The April 4 order is a temporary victory for energy industry interests and conservative groups that sued over the rule's shareholder disclosure measures. Meanwhile, the SEC said it will "continue vigorously defending the final rules' validity in court and looks forward to expeditious resolution of the litigation."
Given "the procedural complexities accompanying the consolidation and litigation of the large number of petitions for review of the final rules, a commission stay will facilitate the orderly judicial resolution of those challenges," the SEC order said. A stay "avoids potential regulatory uncertainty if registrants were to become subject to the final rules' requirements during the pendency of the challenges to their validity."

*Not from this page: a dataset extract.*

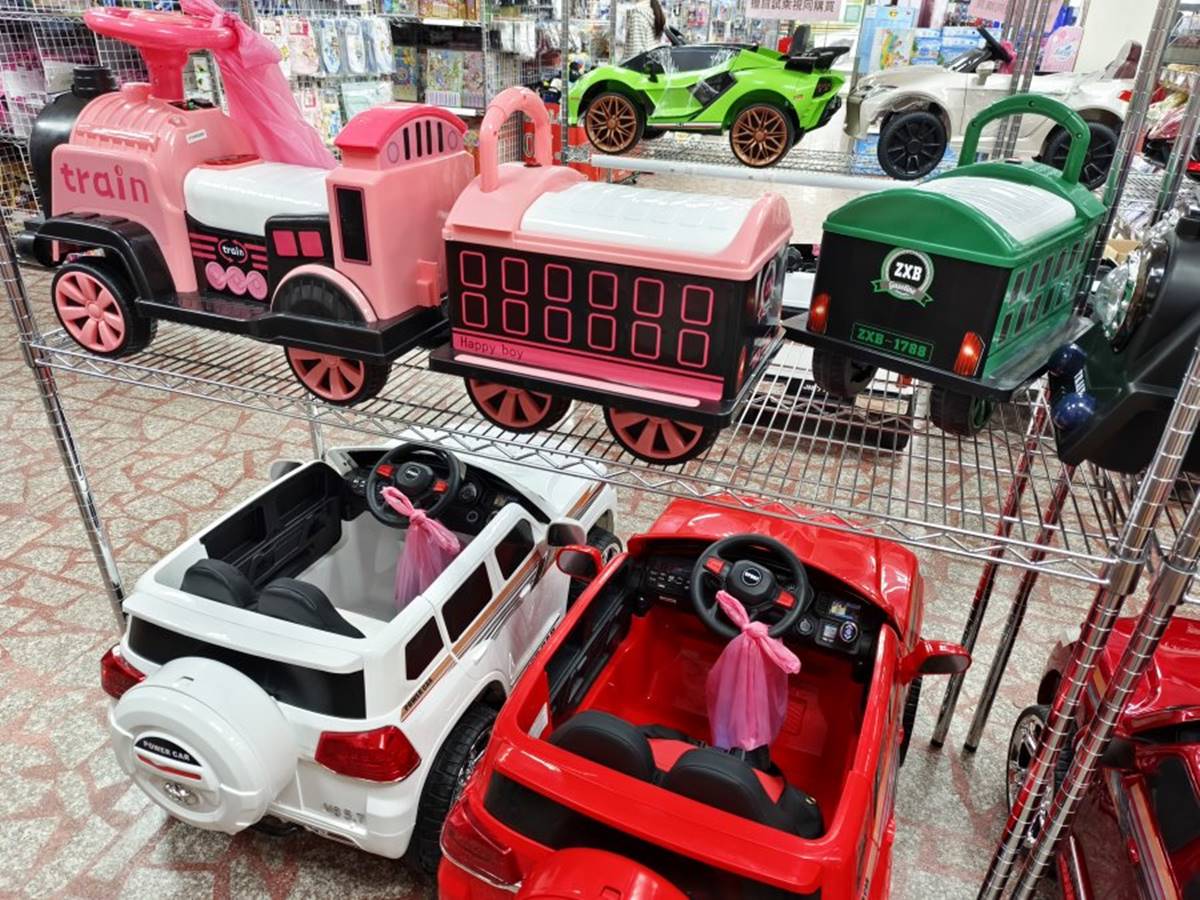 桃園最大「玩具界Costco」！破千坪超好逛，正版寶可夢、大型遙控車批發價爽買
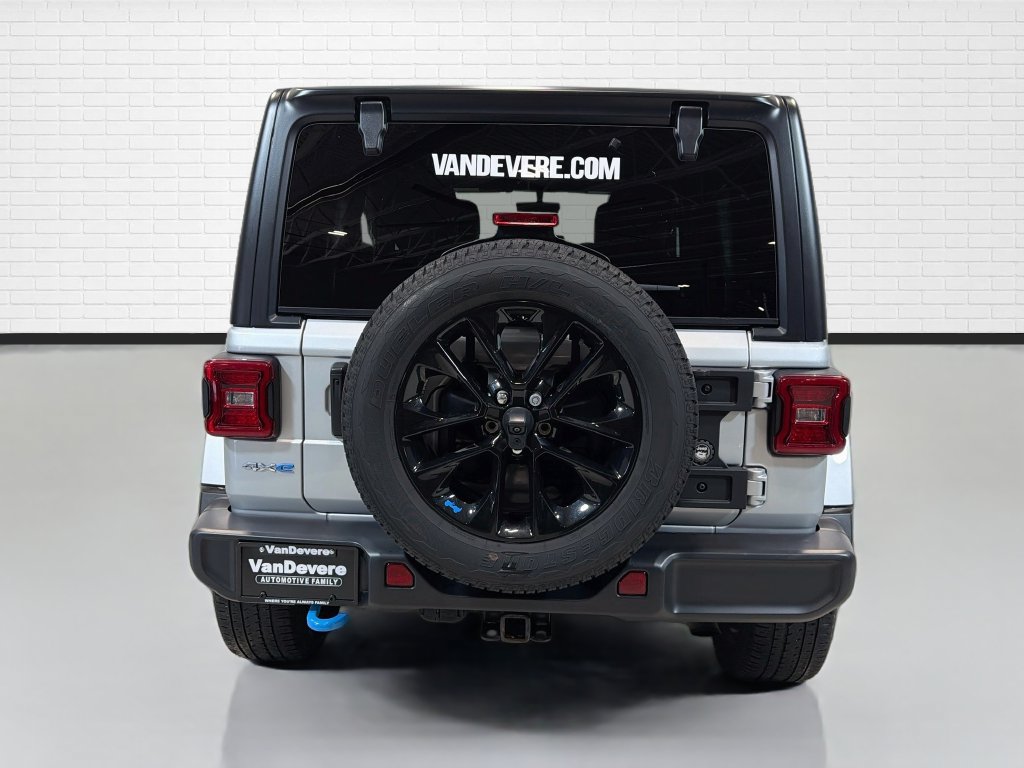 Used 2023 Jeep Wrangler Unlimited Sahara w/ Dual Top Group AWD/4WD image 8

The Colorado fracking company Liberty Energy Inc., the US Chamber of Commerce, the National Legal and Policy Center, and the Oil and Gas Workers Association have said the SEC overstepped its authority when requiring many companies to disclose their greenhouse gas emissions and climate risks to shareholders. Environmental groups who argued that the final rule was too narrow also filed lawsuits.
Earlier in the week, 18 states and the District of Columbia intervened on behalf of the SEC in the litigation before the US Court of Appeals for the 8th Circuit. In all, 10 different petitions have now been consolidated under one review by the 8th Circuit court.
The SEC issued its disclosure rule after shareholders asked for more corporate transparency on regulatory and environmental business risks they face as climate change costs rise. Similar regulations have been issued in the European Union and California.
Groups allied with energy interests argue that only Congress can set climate policy, invoking the so-called major doctrines rule. The US Supreme Court's conservative majority established that rule in 2022 in West Virginia v. EPA, finding that the regulatory agency did not have a right to cap carbon emissions from power plants as envisioned by its Obama-era Clean Power Plan.
Red states and opponents of federal regulations to address climate change have relied on the landmark Supreme Court ruling in multiple legal challenges filed since the Biden administration took office.